I want to believe that, in the case of Jesus’ miracles as well, divinity does not enter obviously into human history. That is my admitted beginning bias. The “Stories of Jesus” series continues with the problem, for me, of Jesus’ miracles.
An atheist’s argument
On the internet you can run across many criticisms of Christianity. Some of them are worth paying attention to, for instance, the following criticism of Jesus as worker of miracles:
So, Jesus was God, and he performed miracles. If Jesus actually cared about people, why did he cure so few? He could have cured every sick person in Palestine, every sick person the world over even up to today. Why didn’t he? Why doesn’t he?
It took a while for this criticism to sink in. I was accustomed to thinking of Jesus as doing one big thing, saving the world from sin and ultimately death. The miracles seemed like useful sideshows. They proved to those inclined to doubt that Jesus was God or, at least, that there was a God and God was working with Jesus. They showed that Jesus was someone who cared about our bodies and our souls. They gave us a few representative examples of caring so we would go and do what we could. Jesus was a man with special powers.
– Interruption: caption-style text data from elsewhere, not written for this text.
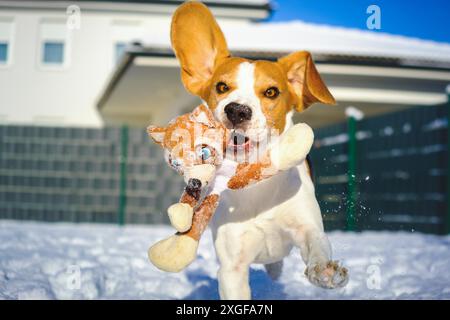 Il cane corre veloce attraverso la neve con un peluche in bocca verso la macchina fotografica nelle soleggiate giornate invernali. Giocare con il concetto di cane Foto Stock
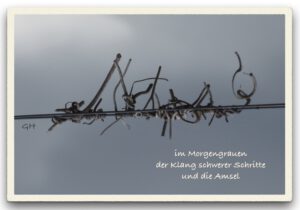 im Morgengrauen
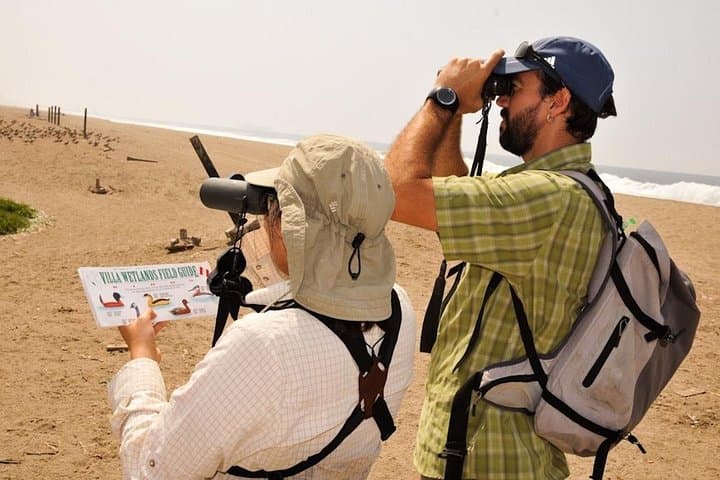 Birdwatching at Pantanos de Villa: 4-Hour Lima Wetlands Guided Tour photo 1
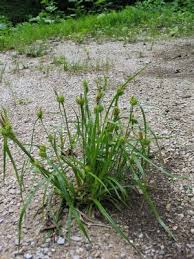 Attēlu rezultāti vaicājumam “Carex dioica”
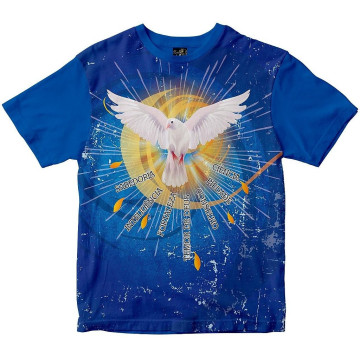 Camiseta Espírito Santo Crisma Rainha do Brasil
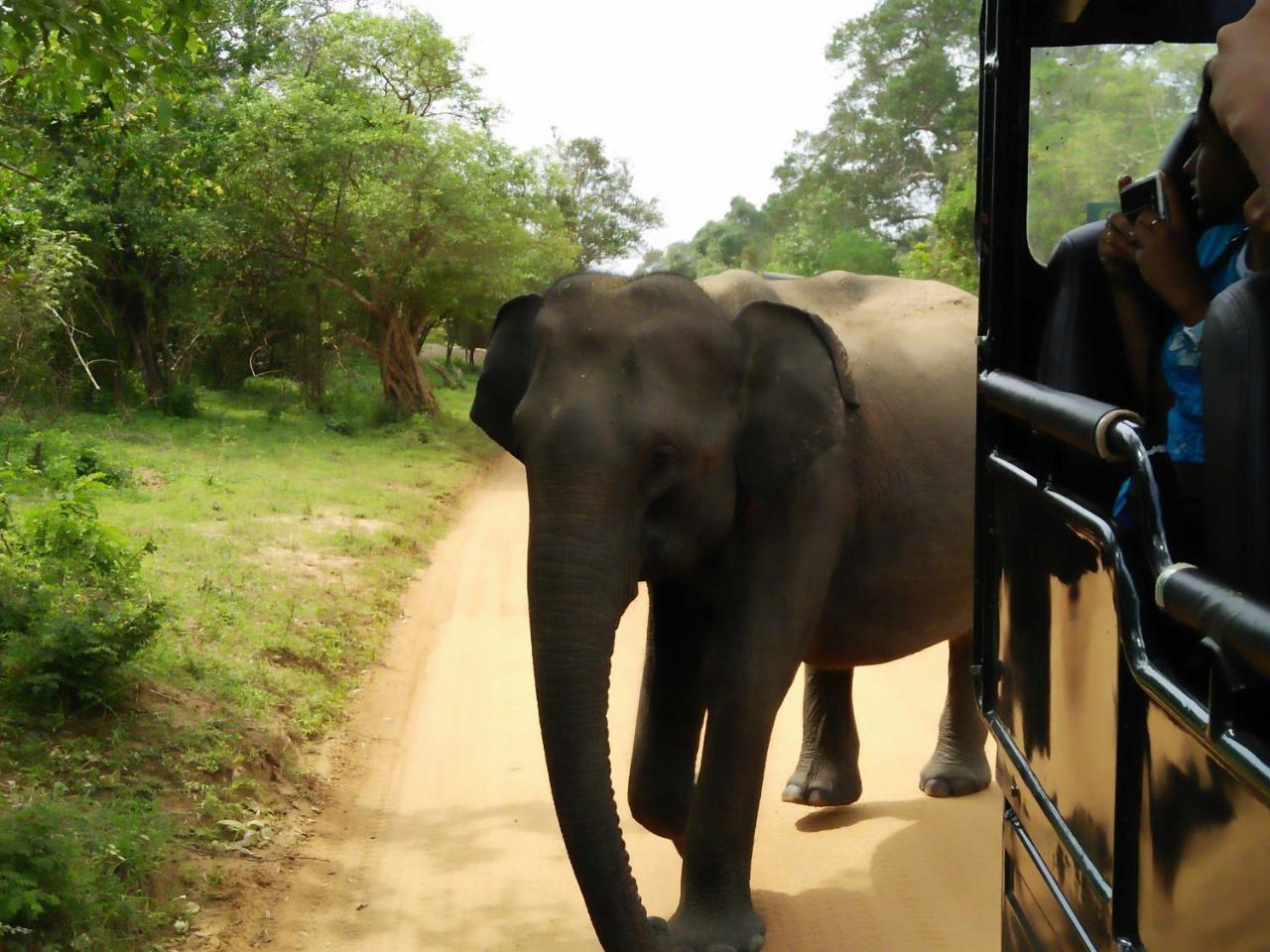 Lake Front Yala Safari 카타라가마 외부 사진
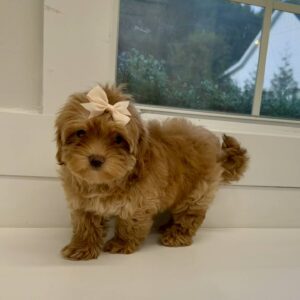 Wednesday - FB Maltipoo Puppy - BPPP Litter --_
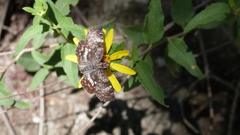 Chiomara asychis
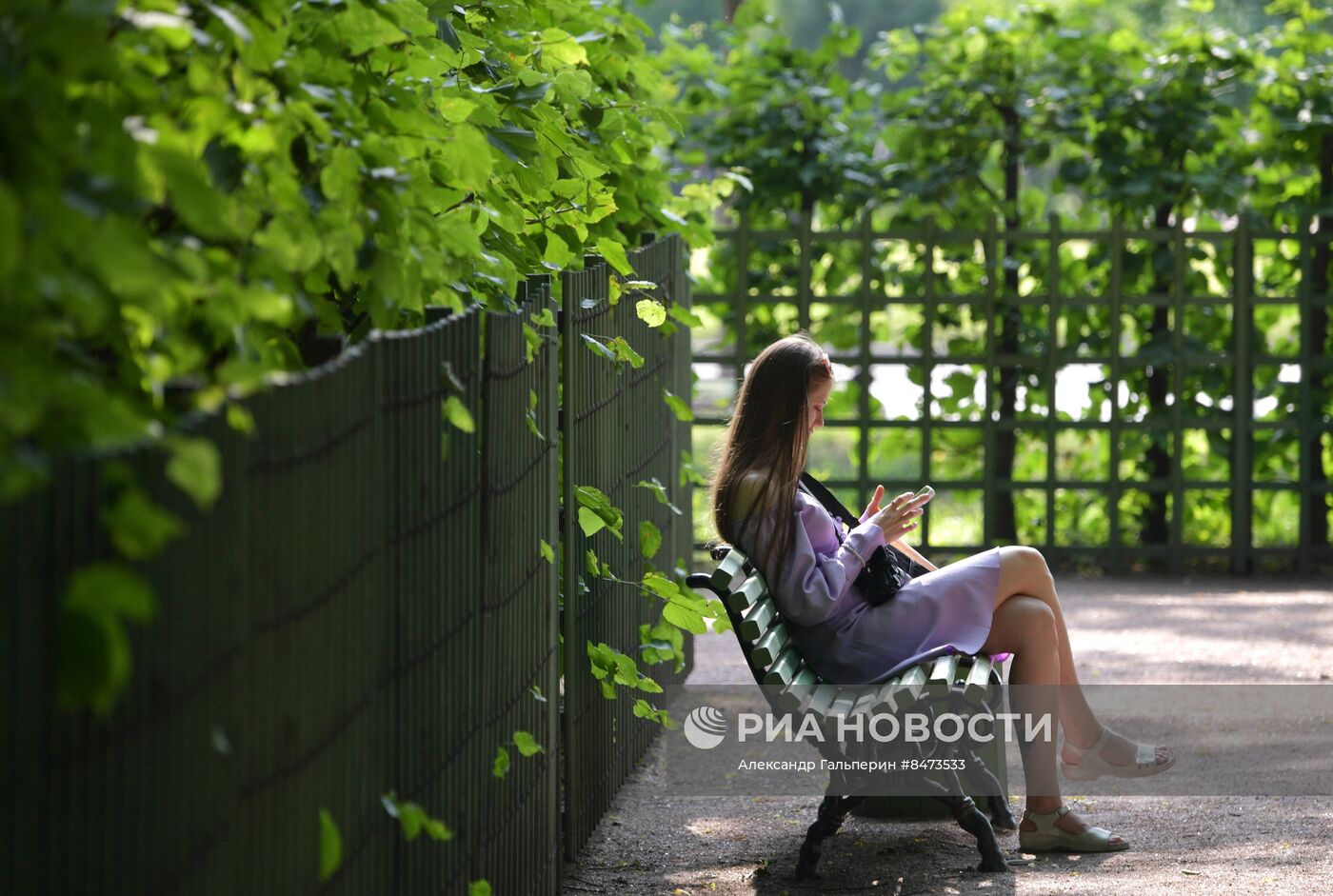 Лето в Санкт-Петербурге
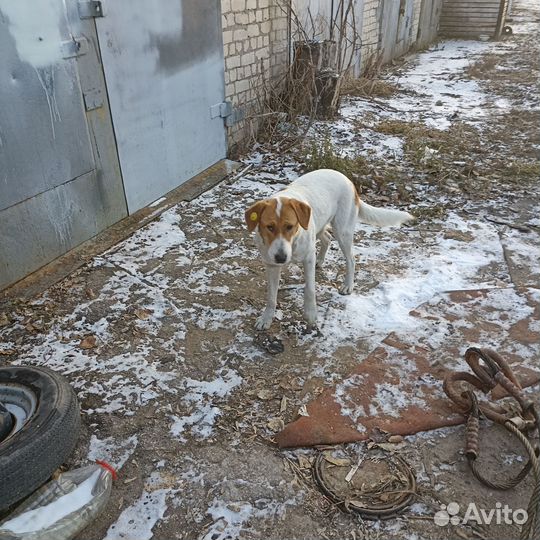 Для крана пауки стропы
If he didn’t choose to use them as much as he might have, he did have a bigger task ahead.
The suffering of the world, especially undeserved and extreme suffering, keeps many people from believing in God. Is suffering in this world really a sideshow, even for Jesus? To put the question another way, is salvation just about leaving this world of woe and going to heaven? To hear some Christians talk, that’s exactly what it is; and I suspect that’s also a major reason why some very good people turn away from Christianity.
The Kingdom in this world
A careful reading of the gospels shows that, in Jesus’ mind, salvation is about this world before it’s about the next. Jesus of the Gospels has little to say about another world but a lot to say about this world. He proclaims God’s kingdom’s arrival in this world. Concern for the poor and suffering could never be for Jesus a sideshow. Miracles never were just proof of God’s existence or that we should listen to what Jesus has to say. So the atheist’s question is reasonable: Why did Jesus leave so many people uncured–sick, crippled, and possessed by demons?
The question assumes that Jesus could have gone ahead and cured everyone if he had wanted to. I think that assumption is shared by most Christians. The miracle stories in the Bible—there are quite a few, after all—seem to bear that out. But it’s a question that needs investigating. What did Jesus think was going on whenever he worked a miracle? What did other people think? What would you and I have seen if we had been there? Why are the miracle stories in the Bible? I need to take a closer look at the miracle stories.